Noëlla Champagne en compagnie de Jean-François Lisée lors d'une visite dans la région en 2016.

Noëlla Champagne heureuse

Trois-Rivières — Même si les instances péquistes auraient souhaité voir Jean-Martin Aussant revenir dans la région, ils applaudissent le retour de l’enfant prodigue au sein du Parti québécois.

«Je vois ça d’un très bon œil. C’est un plus. Je l’avais vu l’an passé à l’ouverture du Cirque du Soleil. On a eu beaucoup de plaisir à échanger. J’avais senti ce désir. Et à notre congrès de l’automne, il a fait une prestation devant les militants. Il m’avait dit effectivement qu’il n’était pas loin de nous. Il était au congrès, il est chez lui, il est dans sa famille politique», rapporte l’ancienne députée de Champlain, Noëlla Champagne, qui annoncera d’ailleurs ce dimanche ses intentions en vue de la prochaine élection.

Selon elle, l’important, c’est que le chef fondateur d’Option nationale ait discuté avec Jean-François Lisée. «Tous les deux avaient besoin de se parler. Il ne faut pas qu’en aucun temps, on sente que l’un attend que l’autre lève les feutres. Jean-François se doit d’aller chercher le maximum de gens», ajoute la vice-présidente de l’exécutif de comté.

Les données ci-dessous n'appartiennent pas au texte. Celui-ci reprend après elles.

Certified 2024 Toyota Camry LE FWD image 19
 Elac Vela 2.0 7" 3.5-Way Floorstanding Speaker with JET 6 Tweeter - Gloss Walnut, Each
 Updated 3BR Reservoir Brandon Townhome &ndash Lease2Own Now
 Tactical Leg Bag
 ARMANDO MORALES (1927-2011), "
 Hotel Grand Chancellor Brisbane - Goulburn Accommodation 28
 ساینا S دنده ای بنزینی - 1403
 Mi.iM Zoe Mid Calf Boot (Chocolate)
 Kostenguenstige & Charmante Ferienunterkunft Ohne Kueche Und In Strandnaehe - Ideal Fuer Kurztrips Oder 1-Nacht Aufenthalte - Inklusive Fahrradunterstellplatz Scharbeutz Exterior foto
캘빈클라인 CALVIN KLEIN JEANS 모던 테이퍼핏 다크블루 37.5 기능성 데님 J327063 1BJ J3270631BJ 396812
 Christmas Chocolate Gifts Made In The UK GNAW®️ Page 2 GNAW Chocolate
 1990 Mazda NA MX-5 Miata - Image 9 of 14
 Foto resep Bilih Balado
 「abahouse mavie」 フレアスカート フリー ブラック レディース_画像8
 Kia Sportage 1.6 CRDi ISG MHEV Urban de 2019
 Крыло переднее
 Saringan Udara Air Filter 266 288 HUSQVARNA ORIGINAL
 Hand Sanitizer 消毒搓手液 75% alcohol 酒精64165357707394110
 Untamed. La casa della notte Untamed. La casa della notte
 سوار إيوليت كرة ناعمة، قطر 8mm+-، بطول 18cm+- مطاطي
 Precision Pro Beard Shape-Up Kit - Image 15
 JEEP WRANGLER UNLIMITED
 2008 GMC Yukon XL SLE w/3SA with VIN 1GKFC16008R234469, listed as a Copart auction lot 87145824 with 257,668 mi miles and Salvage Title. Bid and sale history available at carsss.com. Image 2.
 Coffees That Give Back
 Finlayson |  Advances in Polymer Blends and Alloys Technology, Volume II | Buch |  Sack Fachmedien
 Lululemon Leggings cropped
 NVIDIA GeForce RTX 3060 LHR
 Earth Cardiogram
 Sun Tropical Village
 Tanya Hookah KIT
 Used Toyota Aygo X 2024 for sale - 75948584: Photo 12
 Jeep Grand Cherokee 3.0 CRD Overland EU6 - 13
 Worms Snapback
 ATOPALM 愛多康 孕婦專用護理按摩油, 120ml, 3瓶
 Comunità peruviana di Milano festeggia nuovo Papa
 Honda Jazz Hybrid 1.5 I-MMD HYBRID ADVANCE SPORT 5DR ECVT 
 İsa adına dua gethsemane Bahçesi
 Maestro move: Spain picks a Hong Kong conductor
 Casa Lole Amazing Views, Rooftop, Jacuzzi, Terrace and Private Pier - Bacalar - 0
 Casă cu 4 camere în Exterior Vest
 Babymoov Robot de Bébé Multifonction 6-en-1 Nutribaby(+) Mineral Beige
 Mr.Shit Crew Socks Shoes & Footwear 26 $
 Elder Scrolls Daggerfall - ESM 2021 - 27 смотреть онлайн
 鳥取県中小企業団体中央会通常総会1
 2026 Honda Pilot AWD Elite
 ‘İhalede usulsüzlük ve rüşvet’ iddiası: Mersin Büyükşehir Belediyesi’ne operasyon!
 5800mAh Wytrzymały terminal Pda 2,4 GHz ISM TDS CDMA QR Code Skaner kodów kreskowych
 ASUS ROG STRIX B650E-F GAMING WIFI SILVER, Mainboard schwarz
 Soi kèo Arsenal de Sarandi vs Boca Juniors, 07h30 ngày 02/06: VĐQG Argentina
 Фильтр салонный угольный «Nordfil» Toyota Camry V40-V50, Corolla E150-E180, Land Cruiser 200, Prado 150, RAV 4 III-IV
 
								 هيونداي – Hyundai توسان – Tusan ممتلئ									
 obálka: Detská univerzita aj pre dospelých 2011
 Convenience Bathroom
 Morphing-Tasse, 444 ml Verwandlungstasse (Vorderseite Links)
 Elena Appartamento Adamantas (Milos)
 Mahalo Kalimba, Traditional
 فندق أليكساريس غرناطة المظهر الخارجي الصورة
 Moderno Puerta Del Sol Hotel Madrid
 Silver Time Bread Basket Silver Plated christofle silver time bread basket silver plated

À son avis, les deux hommes peuvent faire «une équipe merveilleuse». «Ça peut être très bon. Comme on dit parfois, vaut mieux avoir la personne à côté de toi que de l’avoir dans le dos et pour être meilleur, il faut s’entourer de gens qui ont des forces différentes», poursuit Mme Champagne.

Du même souffle, elle reconnaît que l’ancien député de Nicolet-Bécancour est «un grand impatient». «Il nous a quittés parce que ça n’allait pas assez vite. Jean-Martin a créé un parti qui présentement est allé se noyer dans Québec solidaire. Ça va peut-être faire réfléchir certaines personnes qui sont allées vers un parti qui est tellement d’extrême-gauche qu’il ne dirigera pas le Québec du temps de mon vivant», affirme-t-elle.

Par ailleurs, celle-ci croit qu’il y a des comtés «plus aptes» à l’élection de M. Aussant que celui de Nicolet-Bécancour. «J’aurais aimé ça qu’il s’en vienne dans la région. Mais le Centre-du-Québec appartient à la CAQ au complet et Donald Martel n’est pas battu», fait remarquer la politicienne de 73 ans qui fut élue une première fois en 2003.

Cette dernière ne manque pas de rappeler qu’elle avait soutenu Jean-François Lisée dans la dernière course au leadership. «J’étais la meneuse de claque en Mauricie. Je suis allée le chercher. Par un hasard, à Drummondville, je lui ai dit: qu’est-ce que t’attends pour te lancer? Et il m’a répondu: qu’est-ce que t’attends pour m’aider?», se plaît-elle à raconter tout en décrivant son chef comme «un homme efficace, un stratège, un travaillant».

Pour sa part, le président de l’exécutif péquiste de Nicolet-Bécancour, Jérôme Gagnon, se dit très heureux de cette nouvelle tout en se disant déçu de ne pouvoir compter sur le retour de Jean-Martin Aussant dans sa circonscription.

«Je ne suis pas le seul qui aurait aimé ça. On a toujours dit que la porte serait grande ouverte s’il décidait de se représenter dans le comté. Quand il y a une candidature de qualité comme Jean-Martin, on reste toujours à l’affût. Mais on le comprend de vouloir concilier travail-famille et on respecte ça amplement. Et quelque soit le comté, il va être bon pour le Québec», a-t-il confié au Nouvelliste. «Mais on a des bonnes nouvelles qui s’en viennent pour Nicolet-Bécancour, soit l’annonce d’une candidature féminine en mai», s’empresse-t-il d’annoncer.

Pour lui, le retour de Jean-Martin Aussant au PQ prouve que dernièrement, «Jean-François Lisée est en train de rassembler du monde de tous les horizons».

«Et en tant que président social-démocrate, si on peut virer moins au centre et plus vers le social-démocrate, ça va me faire plaisir. Jean-Martin est en plein dans cette lignée-là. Et je n’ai pas connu un plus grand vulgarisateur et communicateur que lui pour la chose politique. Il a amené des gens qui n’avaient jamais touché à ça. Juste pour ça, ça me fait plaisir», conclut M. Gagnon.